Could he? The pressure felt inescapable.
“What’s the best gift you’ve ever gotten?” Alice asked. “I remember when my Pa got me the fashion doll I’d wanted since I was six. I was twenty-two and long past playing with dolls when I finally got it, but it meant the world that he remembered which one I wanted.”
“Kittens,” Gizelle said firmly. “Even though Scarlet wooed one of them away.”
“Breck got me a tire iron last Christmas,” Darla giggled. “It’s kind of an inside joke.”
“I like getting ornaments for Christmas, because I’ll see them again every year and remember who gave them to me,” Magnolia said thoughtfully.
“Whiskey’s always good,” Wrench said drolly. He quickly added, “But maybe not this year.”
“A thoughtful personal recipe,” Chef suggested. “Or a kitchen utensil.”
Tristan felt like they were throwing him a bone, and realized that they might be fishing in return.
“Tools were always my favorite gifts. I like useful things. I’m not much of a collector, but you can’t have too many quality tools.
10 mm sockets are always disappearing. You can’t have too many of those. ”
“I dated a raven shifter once,” Breck volunteered from the game table.
“He was so easy to buy for. Anything shiny would do the job. Silver. Sequins. Crumpled up ball of aluminum foil. He would have loved your gold lame fighting ring outfit, Graham. And he would have looked great in it. Darla, my love, how do you feel about gold lame?”
“Itchy and gaudy,” Darla said easily.
Graham grunted.
“You’re right,” Breck said. “Darla looks better in nothing. Speaking of nothing…”
“I told you, this isn’t strip poker,” Saina said quellingly. “You don’t get to take your shirt off just because you lost a hand. My favorite gift was sea glass the color of my eyes.” She smiled at Bastian.
“My favorite gift was you,” he said with a return smile.
Lydia yawned. “My favorite gift, after all of that travel and wonderful food, is going to be a pillow and my bed.”
That prompted everyone to chime in about what a long day it had been, and how comfortable their beds looked as they rose to their feet and began to disperse. Tristan immediately started gathering up the last mugs and glasses.
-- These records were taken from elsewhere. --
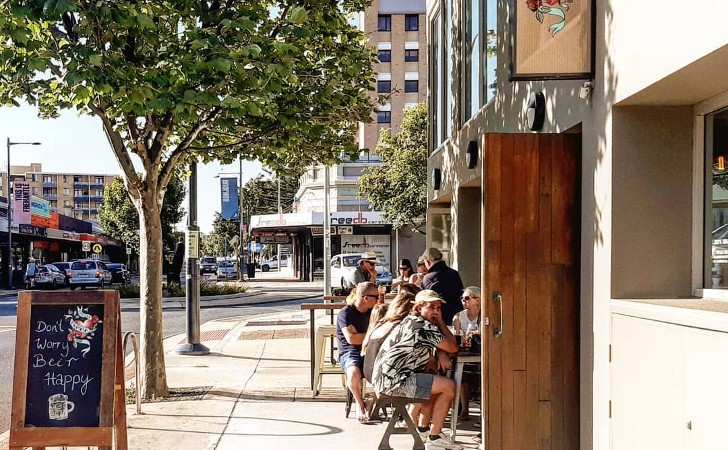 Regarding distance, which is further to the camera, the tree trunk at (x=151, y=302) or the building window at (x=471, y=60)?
the building window at (x=471, y=60)

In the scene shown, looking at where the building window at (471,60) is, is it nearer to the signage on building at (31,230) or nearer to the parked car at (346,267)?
the parked car at (346,267)

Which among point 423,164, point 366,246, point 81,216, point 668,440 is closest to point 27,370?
point 668,440

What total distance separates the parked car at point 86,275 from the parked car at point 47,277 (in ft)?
2.15

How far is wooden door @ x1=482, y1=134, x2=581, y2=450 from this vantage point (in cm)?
588

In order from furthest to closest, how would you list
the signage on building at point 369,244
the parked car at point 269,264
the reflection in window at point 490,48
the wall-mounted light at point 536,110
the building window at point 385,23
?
the parked car at point 269,264 < the building window at point 385,23 < the signage on building at point 369,244 < the reflection in window at point 490,48 < the wall-mounted light at point 536,110

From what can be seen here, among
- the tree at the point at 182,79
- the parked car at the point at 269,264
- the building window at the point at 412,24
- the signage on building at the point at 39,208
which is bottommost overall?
the parked car at the point at 269,264

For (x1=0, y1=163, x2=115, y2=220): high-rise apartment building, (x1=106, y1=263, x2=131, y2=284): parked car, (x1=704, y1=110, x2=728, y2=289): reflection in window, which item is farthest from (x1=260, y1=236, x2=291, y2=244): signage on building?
(x1=0, y1=163, x2=115, y2=220): high-rise apartment building

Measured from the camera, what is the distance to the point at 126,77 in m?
7.44

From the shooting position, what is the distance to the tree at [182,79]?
7402mm

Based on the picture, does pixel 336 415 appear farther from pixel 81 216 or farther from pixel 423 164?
pixel 81 216

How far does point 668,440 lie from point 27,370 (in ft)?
14.4

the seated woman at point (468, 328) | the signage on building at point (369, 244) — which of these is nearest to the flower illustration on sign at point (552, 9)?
the seated woman at point (468, 328)

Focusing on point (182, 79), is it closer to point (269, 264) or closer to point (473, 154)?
point (473, 154)

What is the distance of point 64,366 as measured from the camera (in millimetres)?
5672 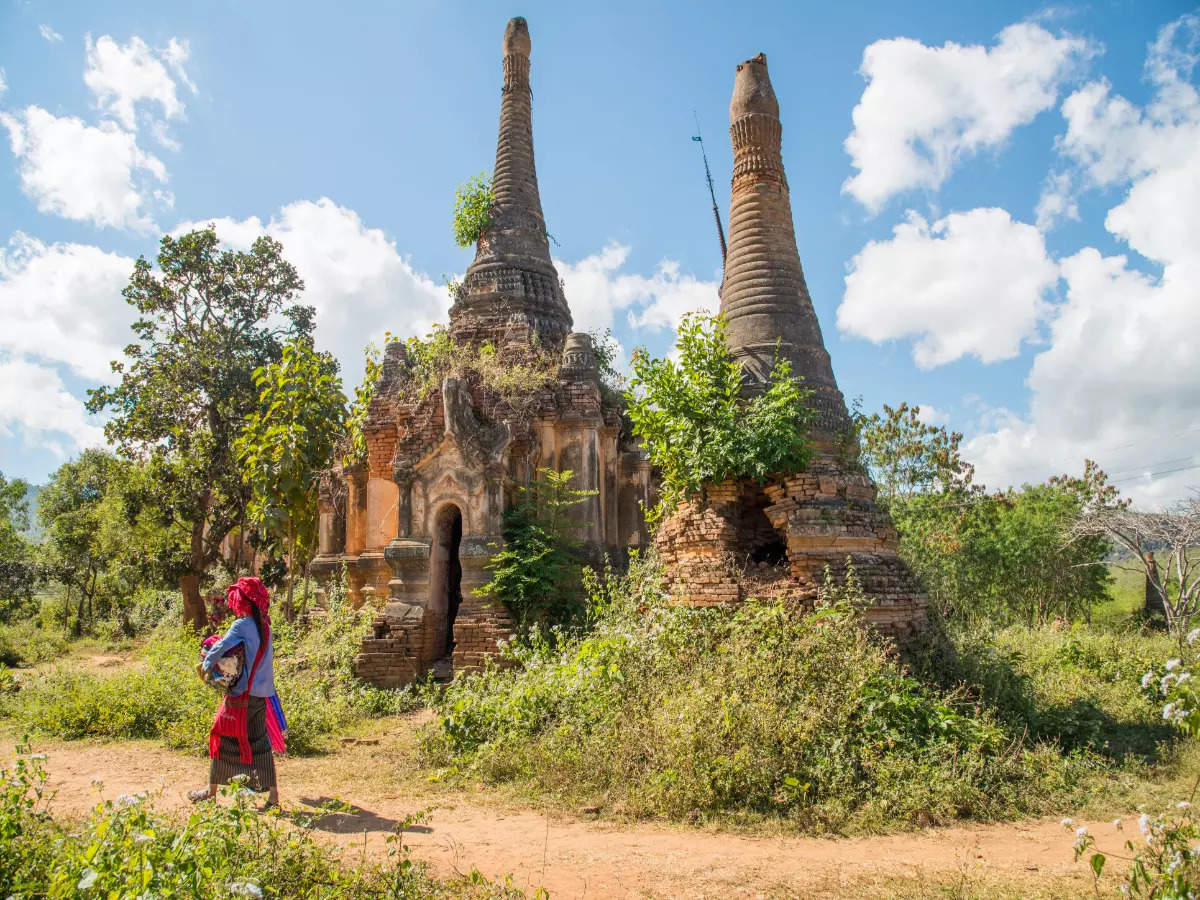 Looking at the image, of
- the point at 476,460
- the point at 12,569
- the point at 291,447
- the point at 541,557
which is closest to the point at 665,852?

Tristan took as many as he could carry and Breck brought twice as many, easily balanced on his tray like a juggler.
“You don’t have to worry about gifts,” Breck said unexpectedly, as they loaded the dishwasher. “Not all of us come from money, you know.”
“I should have thought about them before, though,” Tristan pointed out, grateful for his kindness. “I’m just feeling flat-footed. Have you seen any carving knives around?”
“Like roast-carving knives?” Breck gestured at the magnet bar that held a range of sharp, quality knives.
“No, like wood-carving. I thought I might use some firewood and make everyone an ornament. Something simple. A snowman or something, I wouldn’t have time for anything complicated. I guess I’d need hangers, too.”
“I’ll keep my eyes out. There are a few buildings out back that might have tools.”
“I’ll look tomorrow,” Tristan said. “Thanks.”
He went back to his room feeling some hope for the holiday season. The Shifting Sands Resort staff had gone out of their way to make him feel welcome, and he hoped that he could somehow repay their generosity.